What's driving the wild swings? The financial markets are coming to grips with a stunning policy change by the Federal Reserve, writes The Times columnist Jeff Sommer. Markets have become so accustomed to the Fed's loose monetary policy of the past two decades that investors don't know how to react now that the central bank is pulling back and trying to slow the economy. "This is a very big change, and the markets are having trouble processing it," said Robert Dent, senior U.S. economist for Nomura Securities.
Adding to the uncertainty are continued lockdowns in China, surging inflation, supply constraints and a spike in oil prices. That has complicated the outlook for the global economy, though some Wall Street forecasters remain optimistic. In a research note published yesterday, Goldman Sachs said that it forecasts a recovery in major equity indexes. "The tightening in U.S. financial conditions has somewhat rebalanced the risks to the Fed's mandate and potentially set the stage for a stabilization in the financial market environment," the note said.
Tech stocks and crypto prices are falling again. Bitcoin this morning hit its lowest level since July 2021. Tech companies, both global powerhouses and start-ups, are also feeling the pain. Share prices for Netflix, Meta and Peloton are all down substantially this year. Some strategists are saying prices could continue to fall until they land back where they were before the pandemic. For tech stocks, that would be a further 25 percent drop. For crypto, it could be a plunge of more than 60 percent.
With some tech companies freezing hiring or laying off employees, investors are split. Some see a temporary slowdown, while others say it is a sign of a deeper slump to come, The Wall Street Journal reports. Elon Musk, on the other hand, has told investors that Twitter could quintuple its revenue by 2028.
Further reading: What's your personal inflation rate? Take our quiz .
HERE'S WHAT'S HAPPENING
G7 leaders pledge to ban or phase out Russian oil. They provided few details, but said the changes would be made in a "timely and orderly fashion" that allowed members to find alternative supplies. The U.S. also imposed new sanctions against three Russian television stations, barred Americans from providing consulting and accounting services to Russians, and sanctioned executives from Gazprombank.
Senators may vote on abortion this week. Responding to the leaked draft Supreme Court opinion overturning Roe v. Wade, Senate majority leader Chuck Schumer of New York said he would initiate proceedings today for a Wednesday vote on legislation that would codify abortion rights into law, despite clear evidence that the measure lacks support to be enacted.
Amazon fires senior managers at a newly unionized warehouse.
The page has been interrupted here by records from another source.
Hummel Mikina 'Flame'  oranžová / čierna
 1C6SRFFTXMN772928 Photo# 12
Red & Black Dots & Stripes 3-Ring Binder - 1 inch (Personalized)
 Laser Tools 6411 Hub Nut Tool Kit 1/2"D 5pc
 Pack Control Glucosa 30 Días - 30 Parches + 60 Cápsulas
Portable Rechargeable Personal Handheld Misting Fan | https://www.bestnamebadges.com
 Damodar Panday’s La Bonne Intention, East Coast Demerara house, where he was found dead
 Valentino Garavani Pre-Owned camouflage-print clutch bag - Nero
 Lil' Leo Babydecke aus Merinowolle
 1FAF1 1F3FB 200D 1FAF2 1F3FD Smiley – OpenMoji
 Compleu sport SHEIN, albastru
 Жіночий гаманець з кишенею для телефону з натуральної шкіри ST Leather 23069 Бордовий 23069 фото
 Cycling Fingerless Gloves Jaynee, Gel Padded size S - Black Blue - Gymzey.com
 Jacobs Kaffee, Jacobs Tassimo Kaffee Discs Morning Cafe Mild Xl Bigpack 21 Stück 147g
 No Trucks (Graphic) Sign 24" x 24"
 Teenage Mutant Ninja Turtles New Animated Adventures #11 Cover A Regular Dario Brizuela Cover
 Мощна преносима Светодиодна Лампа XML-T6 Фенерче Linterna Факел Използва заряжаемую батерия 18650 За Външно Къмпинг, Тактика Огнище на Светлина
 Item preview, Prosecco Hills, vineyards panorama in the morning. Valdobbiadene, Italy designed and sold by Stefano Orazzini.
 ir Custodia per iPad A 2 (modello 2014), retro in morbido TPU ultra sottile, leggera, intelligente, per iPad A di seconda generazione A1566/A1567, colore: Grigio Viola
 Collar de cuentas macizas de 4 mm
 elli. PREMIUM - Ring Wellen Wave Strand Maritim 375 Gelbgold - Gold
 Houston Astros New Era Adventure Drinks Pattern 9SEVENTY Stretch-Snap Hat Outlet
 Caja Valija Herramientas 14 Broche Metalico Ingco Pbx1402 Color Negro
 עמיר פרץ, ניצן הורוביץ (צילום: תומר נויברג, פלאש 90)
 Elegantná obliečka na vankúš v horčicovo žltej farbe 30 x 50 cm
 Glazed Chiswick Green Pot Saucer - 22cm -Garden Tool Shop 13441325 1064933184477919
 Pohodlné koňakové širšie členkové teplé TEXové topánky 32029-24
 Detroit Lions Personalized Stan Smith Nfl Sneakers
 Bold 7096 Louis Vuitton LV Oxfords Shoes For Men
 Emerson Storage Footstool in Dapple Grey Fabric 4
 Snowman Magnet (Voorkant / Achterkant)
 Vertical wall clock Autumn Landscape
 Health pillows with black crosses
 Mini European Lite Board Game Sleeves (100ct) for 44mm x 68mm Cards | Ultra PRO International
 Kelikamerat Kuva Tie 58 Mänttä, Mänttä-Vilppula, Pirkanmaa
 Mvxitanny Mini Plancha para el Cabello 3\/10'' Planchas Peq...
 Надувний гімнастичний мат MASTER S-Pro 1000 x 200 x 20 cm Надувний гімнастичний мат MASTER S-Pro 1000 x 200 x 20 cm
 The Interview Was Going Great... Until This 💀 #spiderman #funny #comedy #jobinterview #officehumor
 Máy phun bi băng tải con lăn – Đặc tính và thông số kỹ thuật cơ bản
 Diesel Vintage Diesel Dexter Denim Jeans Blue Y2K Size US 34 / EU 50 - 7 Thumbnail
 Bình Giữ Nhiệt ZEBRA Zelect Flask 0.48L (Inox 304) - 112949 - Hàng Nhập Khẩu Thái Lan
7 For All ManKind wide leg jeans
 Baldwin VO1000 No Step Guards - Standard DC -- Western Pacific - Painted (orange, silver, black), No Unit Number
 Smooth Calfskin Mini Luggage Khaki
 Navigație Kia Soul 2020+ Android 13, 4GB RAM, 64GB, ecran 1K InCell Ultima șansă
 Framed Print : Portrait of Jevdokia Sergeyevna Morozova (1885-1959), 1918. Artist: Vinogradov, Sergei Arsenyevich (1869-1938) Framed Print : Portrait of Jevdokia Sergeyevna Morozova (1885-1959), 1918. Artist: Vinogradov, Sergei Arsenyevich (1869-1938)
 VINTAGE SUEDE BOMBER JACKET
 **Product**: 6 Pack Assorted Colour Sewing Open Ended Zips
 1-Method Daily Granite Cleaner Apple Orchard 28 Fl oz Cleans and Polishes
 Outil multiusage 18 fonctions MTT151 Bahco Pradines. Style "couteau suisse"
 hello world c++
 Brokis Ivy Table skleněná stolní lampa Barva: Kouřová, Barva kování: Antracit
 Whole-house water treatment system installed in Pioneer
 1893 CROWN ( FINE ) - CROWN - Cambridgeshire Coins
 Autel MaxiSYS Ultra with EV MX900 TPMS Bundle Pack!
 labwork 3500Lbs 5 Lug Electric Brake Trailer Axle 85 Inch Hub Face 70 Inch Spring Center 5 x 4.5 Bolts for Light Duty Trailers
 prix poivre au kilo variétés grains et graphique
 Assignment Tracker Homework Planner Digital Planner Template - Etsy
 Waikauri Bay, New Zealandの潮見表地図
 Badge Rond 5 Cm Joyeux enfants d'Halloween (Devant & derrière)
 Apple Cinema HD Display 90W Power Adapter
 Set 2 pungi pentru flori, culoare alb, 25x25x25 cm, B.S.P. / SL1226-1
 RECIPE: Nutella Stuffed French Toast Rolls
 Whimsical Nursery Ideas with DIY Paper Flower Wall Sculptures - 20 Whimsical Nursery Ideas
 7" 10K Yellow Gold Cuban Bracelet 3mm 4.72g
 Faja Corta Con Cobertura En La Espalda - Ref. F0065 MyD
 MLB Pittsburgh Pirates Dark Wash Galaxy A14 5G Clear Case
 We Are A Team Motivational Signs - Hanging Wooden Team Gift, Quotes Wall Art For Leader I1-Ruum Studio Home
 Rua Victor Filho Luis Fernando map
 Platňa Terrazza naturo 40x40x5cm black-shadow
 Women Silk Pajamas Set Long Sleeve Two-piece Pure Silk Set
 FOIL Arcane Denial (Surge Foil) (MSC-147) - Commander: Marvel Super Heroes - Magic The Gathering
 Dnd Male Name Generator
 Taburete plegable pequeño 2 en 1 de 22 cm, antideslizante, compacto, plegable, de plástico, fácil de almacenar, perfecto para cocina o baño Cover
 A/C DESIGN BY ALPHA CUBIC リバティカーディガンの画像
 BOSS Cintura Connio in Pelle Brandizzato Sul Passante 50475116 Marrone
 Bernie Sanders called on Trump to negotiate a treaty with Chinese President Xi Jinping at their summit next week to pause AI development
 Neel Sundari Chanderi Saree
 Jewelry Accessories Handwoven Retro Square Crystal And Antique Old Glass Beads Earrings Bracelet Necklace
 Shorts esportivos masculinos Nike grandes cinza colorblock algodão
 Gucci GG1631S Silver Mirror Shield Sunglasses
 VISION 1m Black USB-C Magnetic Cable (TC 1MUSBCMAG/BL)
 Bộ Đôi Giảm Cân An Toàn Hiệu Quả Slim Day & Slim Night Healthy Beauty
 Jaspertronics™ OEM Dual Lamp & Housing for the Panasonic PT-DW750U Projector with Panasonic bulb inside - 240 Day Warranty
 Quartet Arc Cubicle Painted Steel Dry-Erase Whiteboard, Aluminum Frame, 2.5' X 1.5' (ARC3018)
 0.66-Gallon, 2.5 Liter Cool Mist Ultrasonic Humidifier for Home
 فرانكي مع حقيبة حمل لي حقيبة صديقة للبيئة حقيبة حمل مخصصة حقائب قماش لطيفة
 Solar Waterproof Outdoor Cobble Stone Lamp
Insiders characterized the firings as a response to the union victory, the first for an Amazon location. The company, though, said the terminations were the result of an unrelated internal review.
Northern Ireland embraces Sinn Fein. Sinn Fein, the main Irish nationalist party, won the most seats in the Northern Ireland Assembly for the first time in elections over the weekend. It was a first for a party that calls for a united Ireland and has ties to the Irish Republican Army, but analysts said the electorate was more focused on economic issues than on sectarian struggles.
Uber C.E.O. tells employees that the company will slash spending. Dara Khosrowshahi reportedly wrote in an email to employees yesterday that Uber will cut spending on marketing and incentives, and make hiring more selective. Khosrowshahi told employees that "the market is experiencing a seismic shift" and that the company needs to react.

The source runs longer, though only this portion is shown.